In the top of the seventh, the Cardinals finally got Warneke the offensive support he needed for the win. With two outs, Jimmy Brown walked and Johnny Hopp followed with a single. Cincinnati center fielder Harry Craft missed a line drive by Padgett into the right-field gap to score the game’s only two runs. The play was ruled an error, but his postgame recap, St. Louis Post-Dispatch reporter J. Roy Stockton wrote that the play should have been ruled a double.[3]

In the bottom half of the inning, Warneke worked around a two-out walk to Frey, and in the eighth he benefitted from a 4-6-3 double play after Jim Gleeson reached on an error by Brown.

In the ninth, Warneke retired pinch hitters Lloyd Waner and Ernie Koy before getting Billy Werber to fly out to Johnny Mize at first base for the game’s final out. Mize tossed the ball to Warneke as his teammates congratulated the veteran right-hander affectionately known as the “Arkansas Hummingbird.” As the Associated Press reported, “there was no uproarious celebration – instead the quiet satisfaction of a job very well-done” and many of Warneke’s teammates simply stopped by his locker, shook his hand, and said, “nice going.”[4]

Warneke said that even though the Cincinnati faithful began to cheer for him in the late innings, he wasn’t thinking about the possibility of a no-hitter.

“It never crossed my mind,” he said. “When I’m pitching, I’m concentrating on my next pitch.”[5]

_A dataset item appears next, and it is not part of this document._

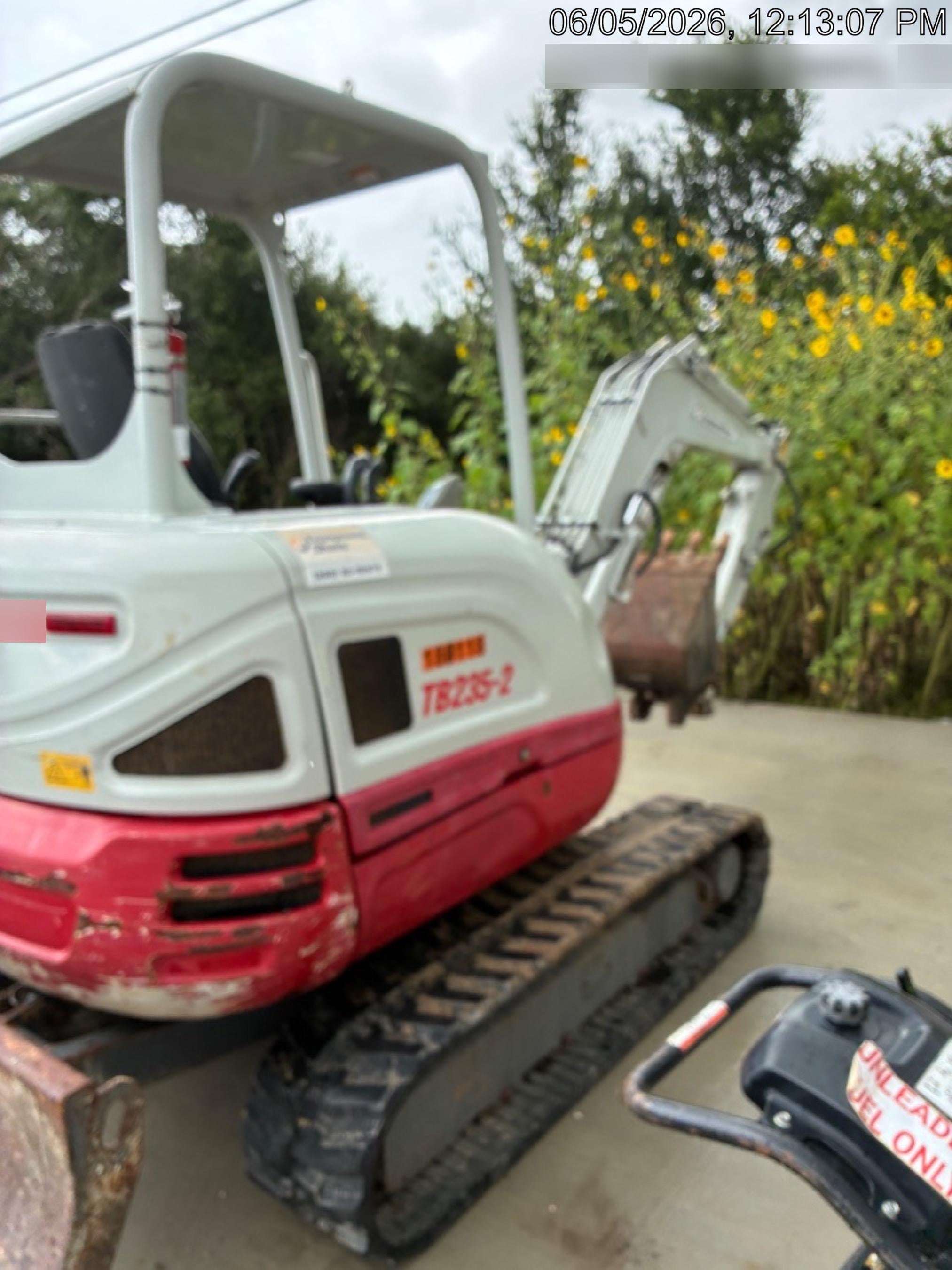 2021 TAKEUCHI TB235-2R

Center fielder Terry Moore, who missed the game while he was in the hospital recovering from a pitch to the head earlier that month, told the St. Louis Post-Dispatch in a phone interview that Warneke’s accomplishment was wonderful “just when so many people thought he was all washed up.”

“As soon as the weather turns a little cool, Lon always does better,” Moore said. “He’ll be a great pitcher for us right down the stretch.”[6]

Enos Slaughter, who also missed the game due to injury, was visiting Moore in the hospital. He said that while a few of Warneke’s sliders have “slid right out of the park,” they have become the veteran’s best pitch.[7]

The win marked Warneke’s 15th of the season and improved the Cardinals to 80-45, two percentage points ahead of the 81-46 Dodgers for first place in the National League.

“Well, we won the game and recaptured first place,” Warneke said. “That’s all that matters to me.”[8]

Cincinnati’s Elmer Riddle took the tough-luck loss, scattering five hits and five walks without allowing an earned run. His record fell to 15-3 even as he lowered his ERA to 1.99.

Later that week, Warneke told the St. Louis Star and Times that he would undergo surgery on his knee to repair a bone growth that had developed on his left kneecap and was “sore as a boil most of the time.”[9]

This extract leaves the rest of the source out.